東北大学や日本原子力開発機構らによる研究グループは2026年3月、等方性磁石の薄膜を使って作製した素子に電流を印加し、不安定な方位に磁石の向き(スピン)を安定化させることに成功したと発表した。電流と外部磁場の大きさを調整すれば、スピンの揺らぎを最大化できる。この動きは連続的な変数を用いる制限ボルツマンマシンの動作原理に適用できるとみている。
スピントロニクスは、電気的性質と磁石の性質を利用する研究分野。電源を切っても情報が消えない不揮発性メモリ「MRAM(磁気ランダムアクセスメモリ)」などが実用化されている。こうした中で、不揮発性を排除しスピンがあらゆる方位を向くことができる等方性を活用すれば、情報を2値ではなく連続的な値として処理することが可能になるという。
研究グループは今回、非磁性層と強磁性層を組み合わせた薄膜を用いて、等方性磁石を作製した。W非磁性層とCoFeB強磁性層、MgO層からなる薄膜を熱処理すると、膜面垂直方向の磁気異方性が出現する。熱処理条件を適切に設定すれば、その大きさを調整できる。これにより、膜面内方向にも垂直方向にも同じように向きやすいW/CoFeB/MgO薄膜を作製できるという。

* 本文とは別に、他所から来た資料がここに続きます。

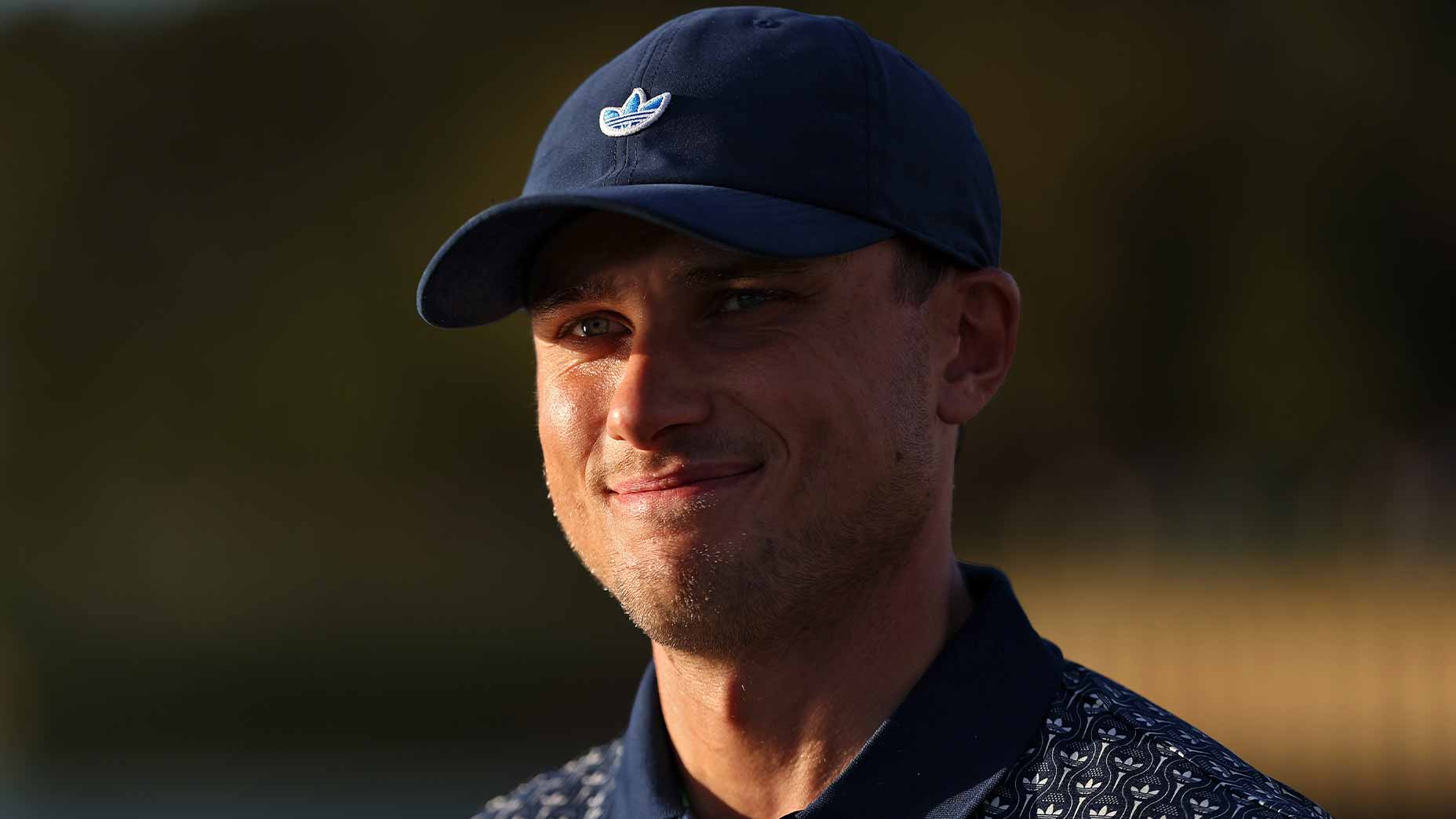ludvig aberg smiles at the players championship in a navy hat and navy hsirt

このW/CoFeB/MgO薄膜を用いて素子を試作し、電流を印加してスピントルクに対する応答を調べた。外部磁場でスピンを一方向に固定した状態で、反対方向に磁化反転させようとするスピントルクを加えた。そうしたところ、スピンがエネルギー極大となる状態に安定化される「磁化の動的な安定化」という現象を確認できた。数値計算によっても再現され、動的安定化に至る過程で、電流によるスピンの揺らぎが最大化されていることが分かった。
研究グループは、等方性による大きなスピンの揺らぎは、連続変数として演算などに利用できる可能性があるとみている。そこで、制限ボルツマンマシンによる画像生成に応用しその性能を評価した。この結果、連続変数を用いると、バイナリ変数を使う場合に比べ性能が向上することを実証した。
今回の研究成果は、東北大学金属材料研究所および先端スピントロニクス研究開発センターの紅林秀和教授と関剛斎教授、日本原子力研究開発機構原子力科学研究所先端基礎研究センターの山本慧研究副主幹らによるものである。